> [Brief] Each line from the one containing "Valio Luomu™ jogurtti" to the last line of the listing below is to be duplicated exactly, and no picture is to be carried over.

> [Data provided]
-----

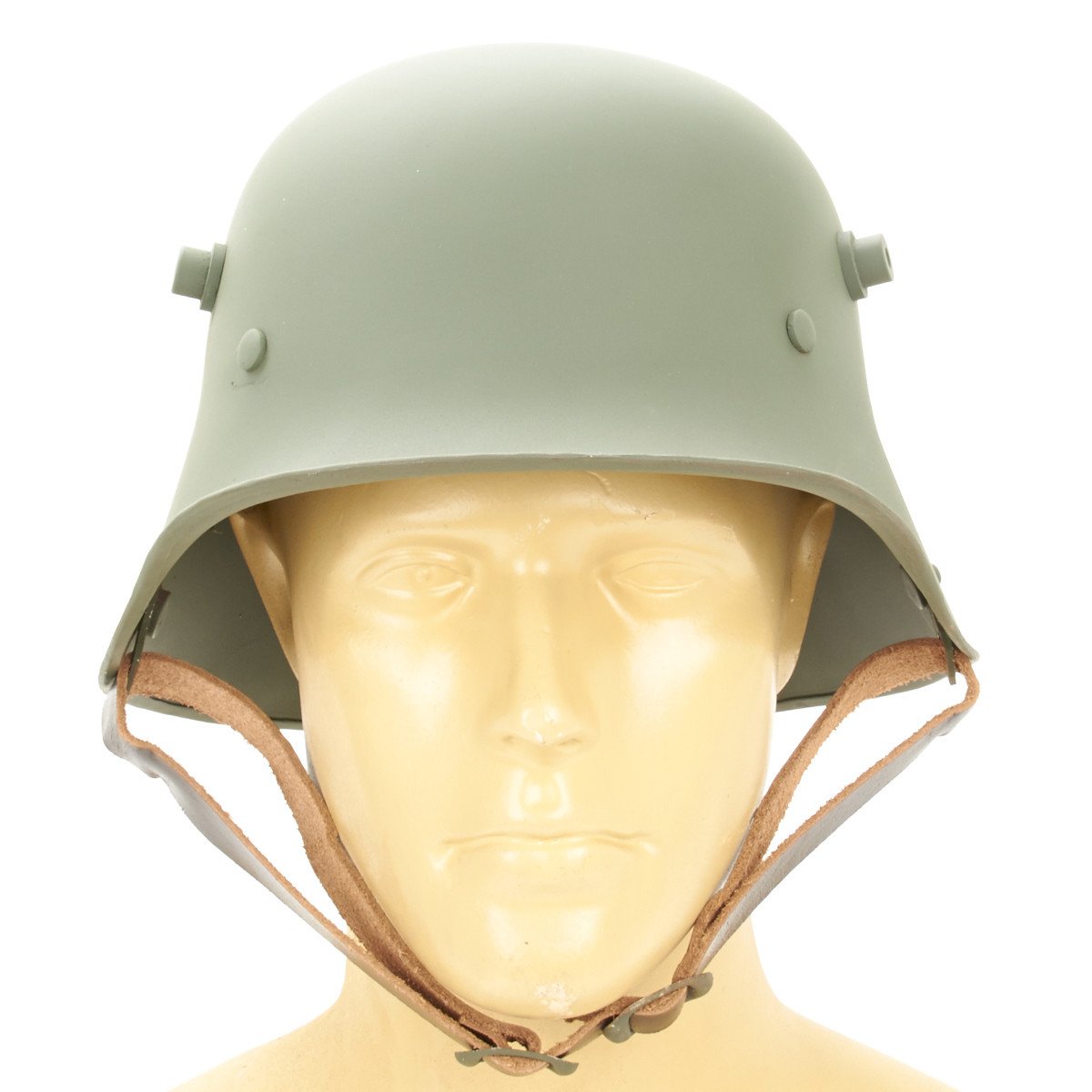 German M1916 1st Model Steel Helmet- WWI Type Production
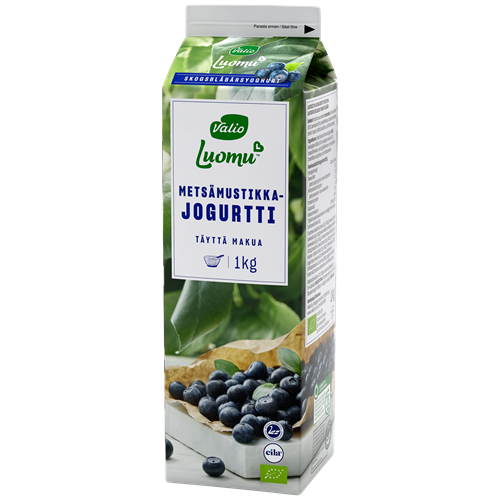 Valio Luomu™ jogurtti metsämustikka laktoositon 1 kg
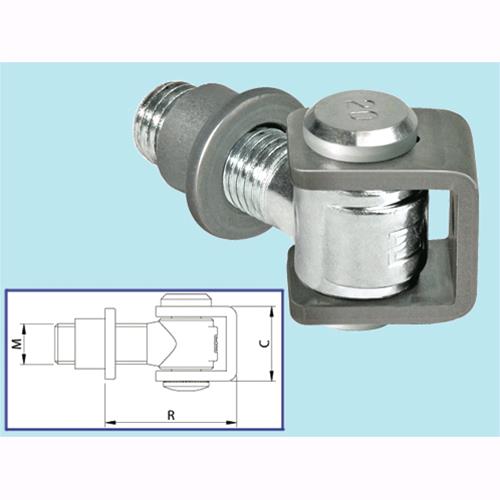 Cardine filettato per cancelli  Comunello Art. 120 - Attacco M20  1 Pz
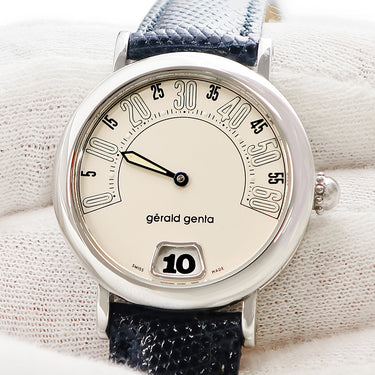 腕時計 ジェラルド・ジェンタ Gerald Genta レトロ クラシック REC.S.10 クオーツ レディース レトログラード ジャンピングアワー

-----

> [Exercise answer]
 Valio Luomu™ jogurtti metsämustikka laktoositon 1 kg
 Cardine filettato per cancelli  Comunello Art. 120 - Attacco M20  1 Pz
 腕時計 ジェラルド・ジェンタ Gerald Genta レトロ クラシック REC.S.10 クオーツ レディース レトログラード ジャンピングアワー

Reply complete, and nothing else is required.